Supplied data:
□ □ □

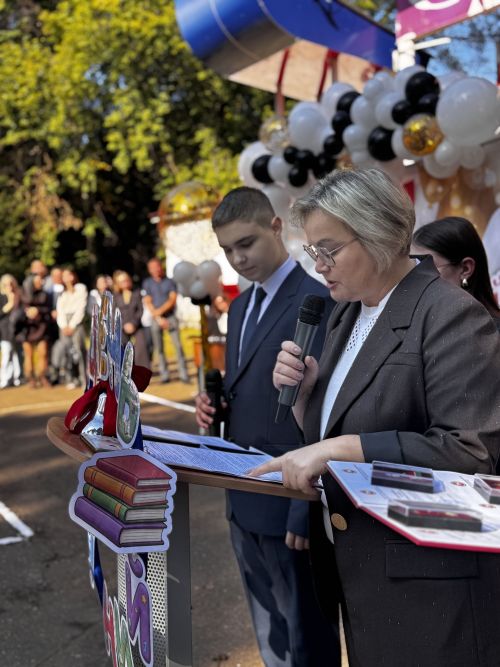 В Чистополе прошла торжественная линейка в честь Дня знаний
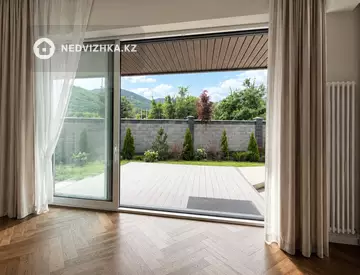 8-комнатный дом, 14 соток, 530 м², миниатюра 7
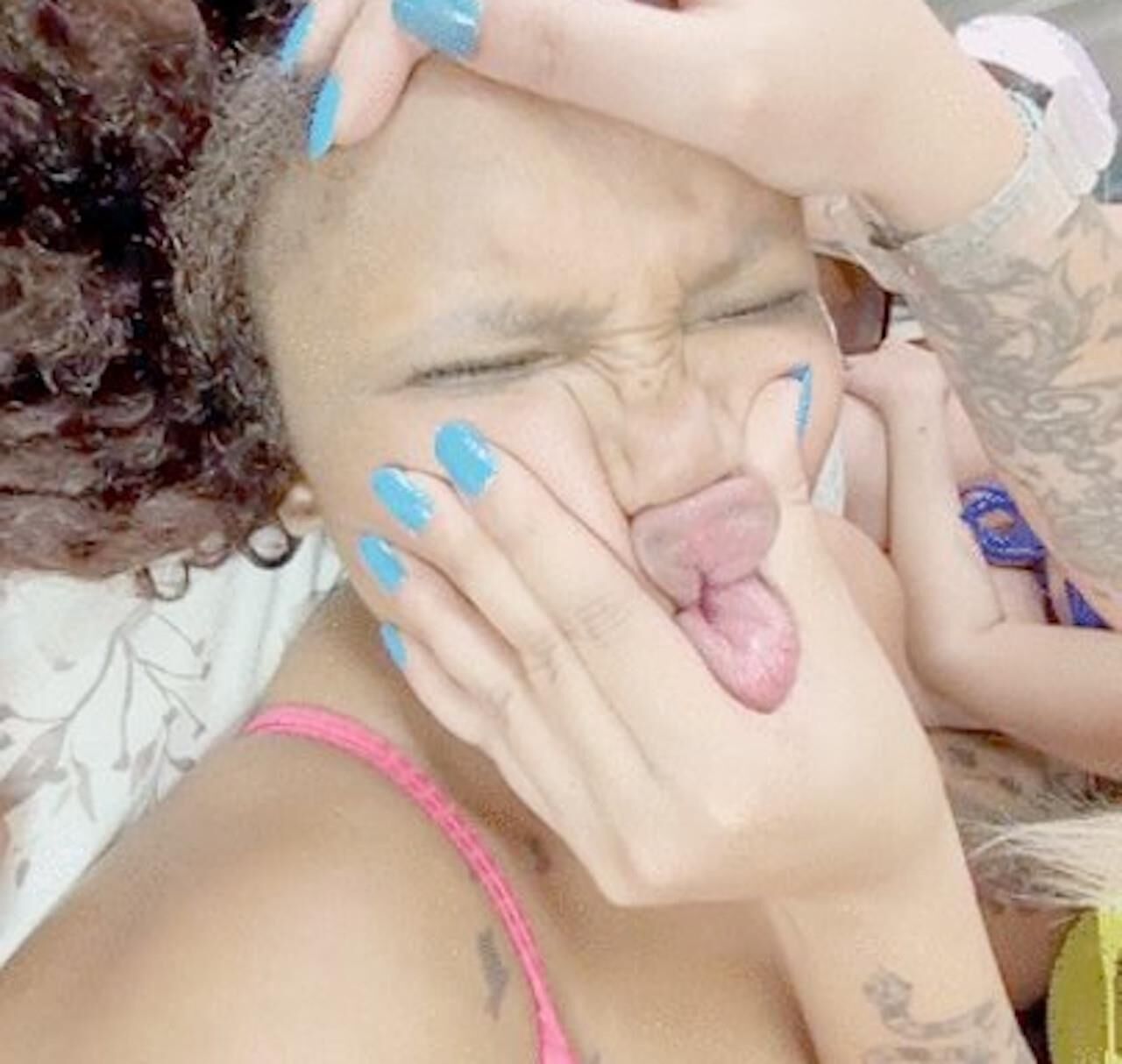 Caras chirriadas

□ □ □

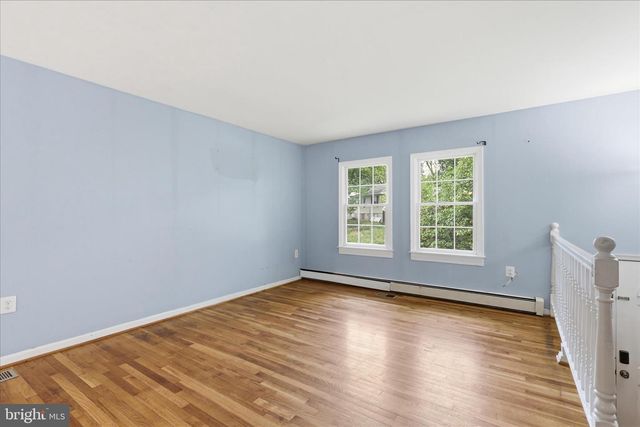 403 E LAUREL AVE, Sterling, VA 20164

□ □ □

What is needed:
After locating "8-комнатный дом, 14" and "Caras chirriadas" in the records above, return exactly the line holding each one and every line between them; leave out the pictures.

The completed task:
 8-комнатный дом, 14 соток, 530 м², миниатюра 7
 Caras chirriadas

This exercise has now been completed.